Feb 06, 2017 News
— PM Nagamootoo says time right for guidelines on conduct, use of power
By: Kiana Wilburg
It appears as though some Board Members can no longer be relied upon to be guided by their moral compass. As such, Prime Minister and First Vice President, Moses Nagamotooo believes that the time is right for a Code of Conduct policy to be set in motion for all Boards.
The politician made this comment during a recent interview with Kaieteur News.
“I believe that the time is right to have guidelines for what Board Members can and cannot do. It is a matter that should engage the attention of the government. There are already guidelines for the composition of Boards, so it is time to move to the next stage.”
The First Vice President stressed that Members of Boards must understand that they are not above the law, lords onto themselves or immune from prosecution. He stressed that they must understand the importance of sticking to their jurisdiction, showing respect for rules and regulations and bear in mind that they are there to give guidance on policies and not engage in disgraceful acts.
“There is a protocol and a practice of good moral conduct, which they must adhere to. Given what we are seeing, we need to now focus on having these guidelines. So the long and short is that I see the need for guidelines to be issued to Boards regarding the general exercise of their powers.”
The issue of misconduct by Board Members was recently highlighted in a forensic audit report on the Guyana Office for Investment (Go-Invest).
The report said that former CEO of the company, Keith Burrowes, was just as harmful to the company as those he often accused.
Not only did he abuse his authority and treated the company like his private business but Burrowes acted as though Go-Invest was his personal piggy bank.
According to the audit report which was released by the Ministry of Finance on Friday, the former CEO took personal loans amounting to over $3M without approval from the Board. The auditors noted however that those monies were returned in February 2016.
The forensic auditors also stressed that the former CEO was not entitled to an entertainment allowance or salary advance(s) from Go –Invest since his salary was funded from Guyana National Co-operative Bank/Guyana Co-operative Financial Services. Be that as it may, Mr.

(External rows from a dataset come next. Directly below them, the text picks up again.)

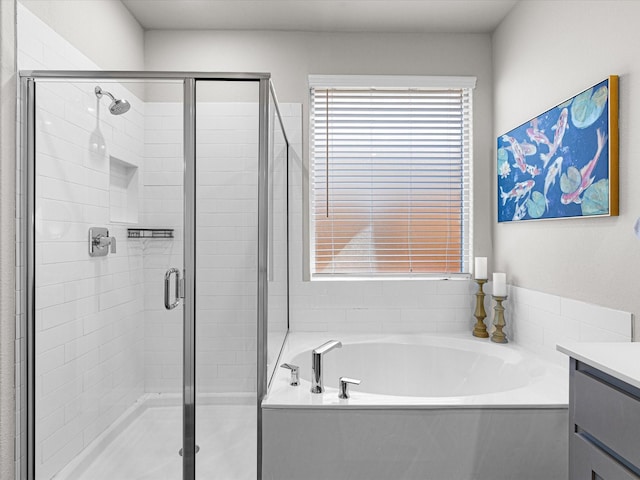 bathroom featuring a shower stall, a bath, and vanity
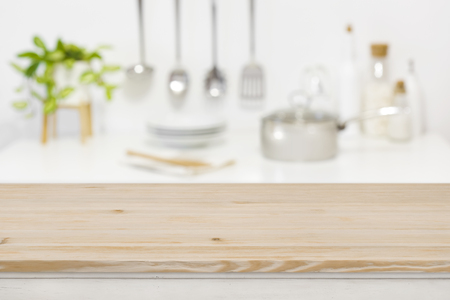 Wood table top for product display on blurred kitchen backgroundの写真素材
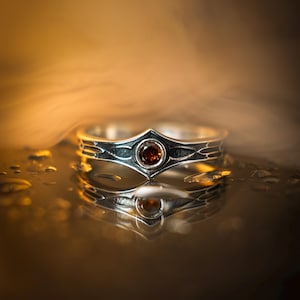 Sterling Silver Garnet Ring with Ornate Etching, Gothic Bloodstone-Inspired Statement Band for Men or Women, Red Gem Warrior Ring, This angle emphasizes the smooth, bezel setting of the stone—a practical choice for a "Warrior" ring as it prevents snagging during action. The 925 sterling silver has a satin finish on the high points and a matte black finish in the recessed grooves. The stone has high clarity, catching the light and appearing to glow from within against the cool grey metal.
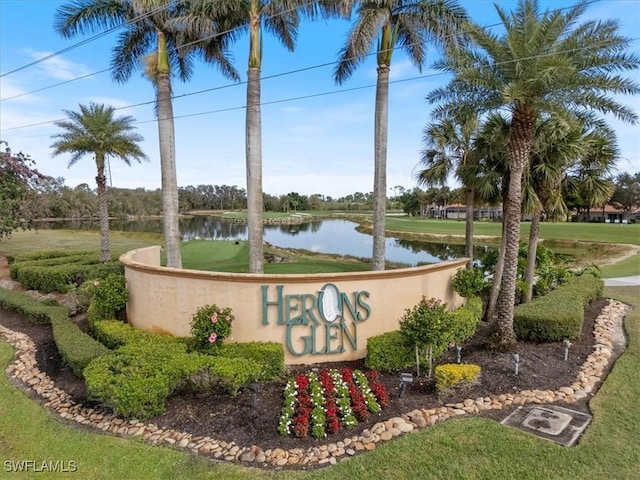 community / neighborhood sign with a water view and a lawn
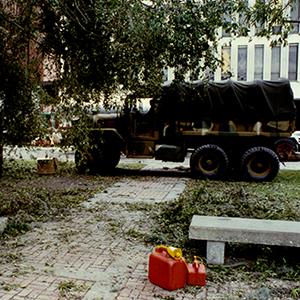 National Guard truck parked in walkway surrounded by debris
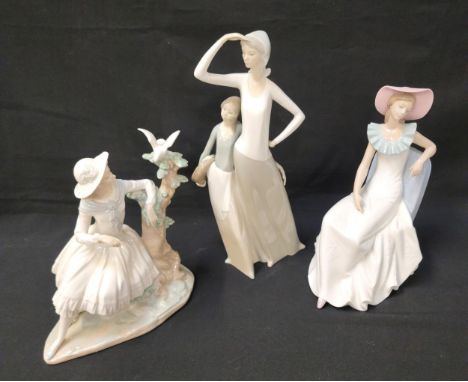 THREE LARGE NAO FIGURINESconsisting of seated lady watching Dove in a tree, 24cm high; seated lady in pink hat, 26cm high; an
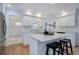 Updated kitchen featuring white cabinets, quartz countertops, stainless appliances, and breakfast bar seating at 70 Long Bow Cir, Monument, CO 80132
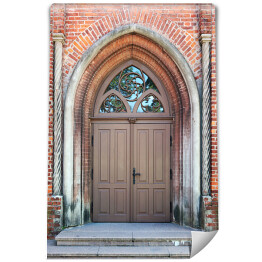 Fototapeta Centralne drzwi wejściowe do starego średniowiecznego kościoła z cegły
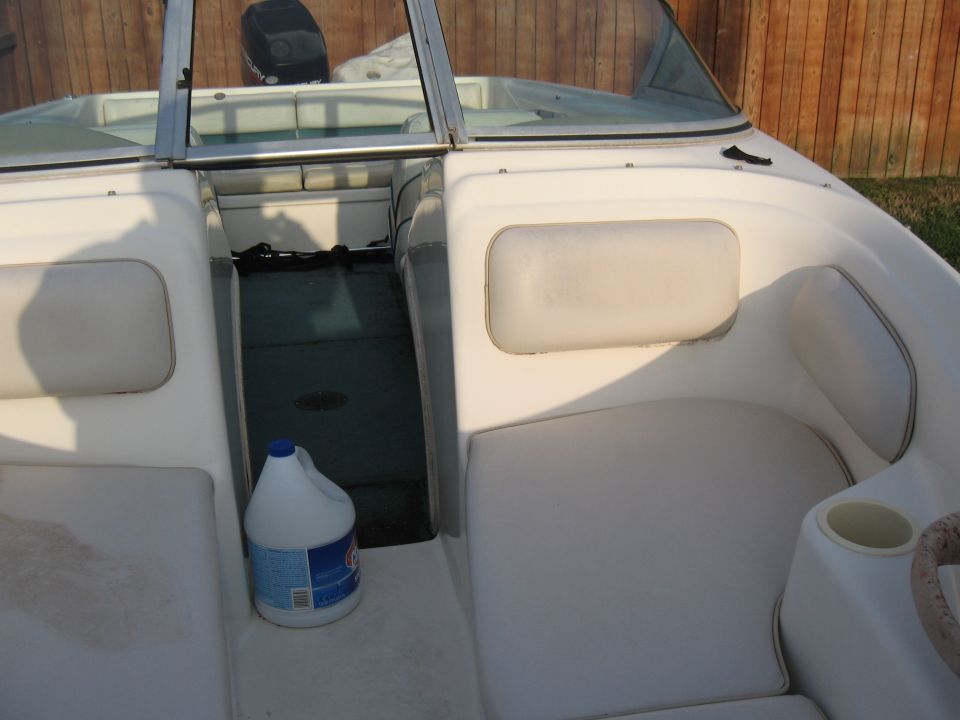 boat interior with white seats, a bottle of bleach, and an outboard motor visible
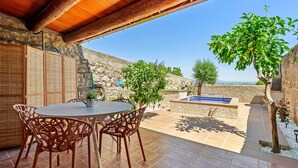 Un patio al aire libre con una mesa redonda y sillas, un muro de piedra y vistas al paisaje.
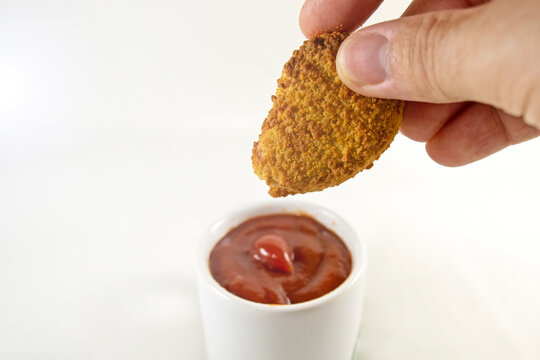 Isolated Hand Dipping A Chicken Nugget Into A Small Ketchup Cup, With A White Background.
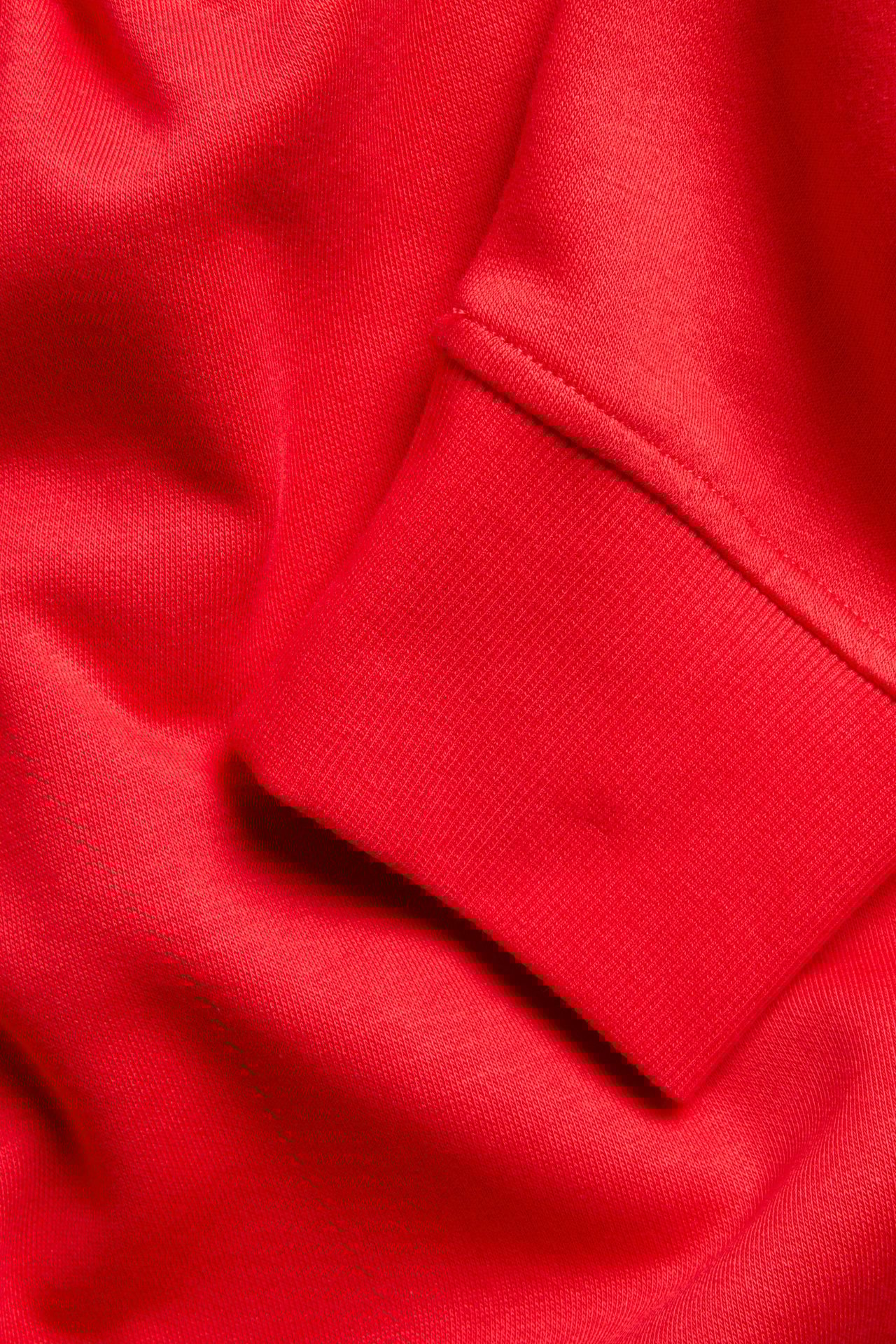 Zbliżenie czerwonego rękawa bluzy z mieszanki bawełny z prążkowanym mankietem.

Burrowes still went ahead and authorized and received an entertainment allowance for himself totaling $480,000, without the approval of the Board of Directors.

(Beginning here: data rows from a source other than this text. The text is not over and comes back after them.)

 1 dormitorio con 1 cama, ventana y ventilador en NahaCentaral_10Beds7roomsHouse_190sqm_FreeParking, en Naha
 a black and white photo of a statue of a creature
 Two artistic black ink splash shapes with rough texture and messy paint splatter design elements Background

Compounding the issue of misuse of authority was the fact that Burrowes instructed that his personal driver, Mr. Nigel Gordon, be paid a sum of $232,365 for carrying out duties as a driver. This is in spite of the fact that his “personal driver” was not a Go-Invest employee. The forensic auditors found that this instruction was given by a Memorandum dated December 22, 2014 and executed the following day.
It was also discovered that there was no clear policy at Go Invest for remuneration of employees. Burrowes dealt with this process in a “discretionary” manner.
Furthermore, Burrowes made it seem as though his Human Resources Officer was redundant. In this regard, forensic auditors found that the hiring function was conducted in an ad hoc manner thus allowing the former CEO to solely make hiring decisions.
In fact, Burrowes sourced applicants, invited and conducted interviews for new hires by himself, instead of utilizing the Administrative Department. The interview committee comprising the CEO, Accountant/Personnel Officer and a Senior Investment Officer was rarely utilized. He also re-designated employees and fixed new allowances for them. The Accountant/Human Resources Officer/Administrative Officer had little or no input in the recruitment and selection process.
It was also discovered that repairs and maintenance of vehicles were performed by mechanics “sole sourced” by Burrowes instead of being tendered.
If that was not enough, Burrowes as CEO, expended over $1M on cell phones for senior staff, his personal driver and the Financial Consultant. This is in spite of the fact that his personal driver and one Financial Consultant were not employees of Go-Invest and therefore not entitled to such privileges.
The auditors concluded that Burrowes’ tenure at Go-Invest was one where ad hoc and peculiar decisions were made in several areas.